Improved operating margins will be a primary focus for the Company going forward. We also remain interested in expanding our Company through the acquisition of operations that can contribute to earnings immediately. As we've said before, we will evaluate potential transactions in a way that is strategic, deliberate, and disciplined. Our intention is to pursue opportunities that are a good fit for our business, deliver a solid return for our shareholders, and are available at the right price. Finally, the ability of our employees to deliver great customer service remains a key differentiator for our Company and our brands. Our employees are a big reason our customers continue to choose our properties over the competition across the country.
Thank you again for joining us this morning. Now I'd like to turn the call over to Paul to talk more specifically about the results in each of our regions.
- EVP and COO
Thanks, Keith. Hello, everybody. The positive operating trends we saw in the fourth quarter continued into the first quarter. The Las Vegas locals region posted nearly flat results for the second consecutive quarter, while both downtown Las Vegas and the Midwest and South reported year-over-year EBITDA growth. While Net revenues declined slightly in the Las Vegas locals and Midwest and South regions, we were able to manage expenses more efficiently to either maintain or grow EBITDA margins from prior year levels. Margins were flat in the Las Vegas locals region, up 70 basis points in downtown Las Vegas, and increased 125 basis points in the Midwest and South. Additionally, we were able to benefit from significant revenue flow-through in our downtown region despite higher fuel costs associated with our Hawaiian Air Charter program. We're definitely beginning to see the benefits of our more efficient business model as economic conditions improve.

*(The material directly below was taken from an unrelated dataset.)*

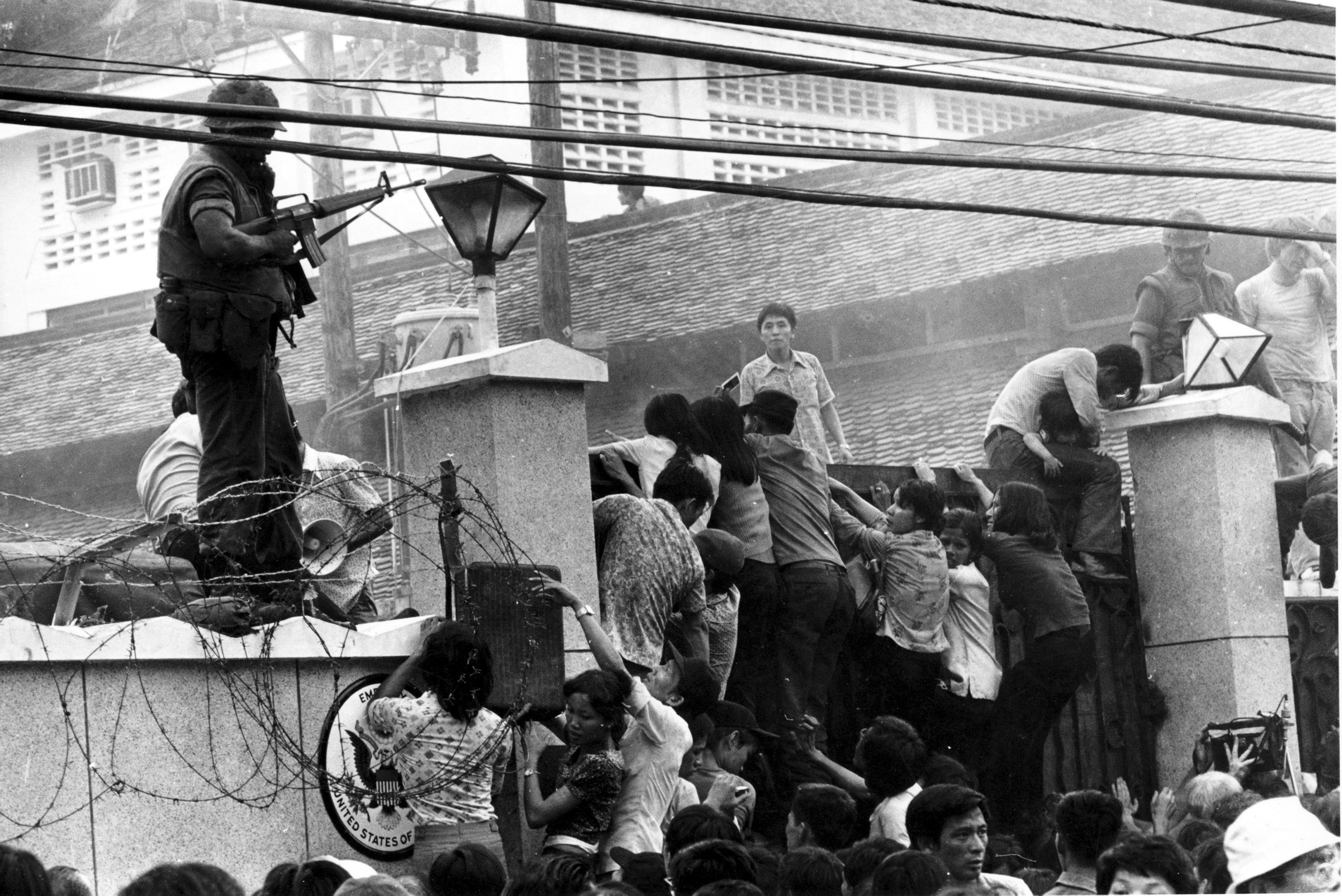 In this April 29, 1975 photo, Vietnamese people scale the wall of the US Embassy in Saigon, trying to get to the helicopter pickup zone, just before the end of the Vietnam War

Now let me discuss our regional operating results in a little bit more detail. First, let's look at the Las Vegas locals business which is benefiting from an economy in the early stages of recovery. As was the case in the fourth quarter, the Orleans was the star of the region, posting nearly 20% year-over-year EBITDA growth in the first quarter. The Orleans saw growth across the business with increases in both gaming and non-gaming revenues. While an improving economic outlook and strong convention business helps, the Orleans is also generating significant growth from the efforts of its strong management team and employees, as well as very successful marketing initiatives. We're able to capture much of this revenue growth on the bottom line thanks to our operating leverage. We believe the Orleans' exceptional performance in both revenue and EBITDA is a preview of how operating leverage will play in our favor as business volumes recover in the months ahead.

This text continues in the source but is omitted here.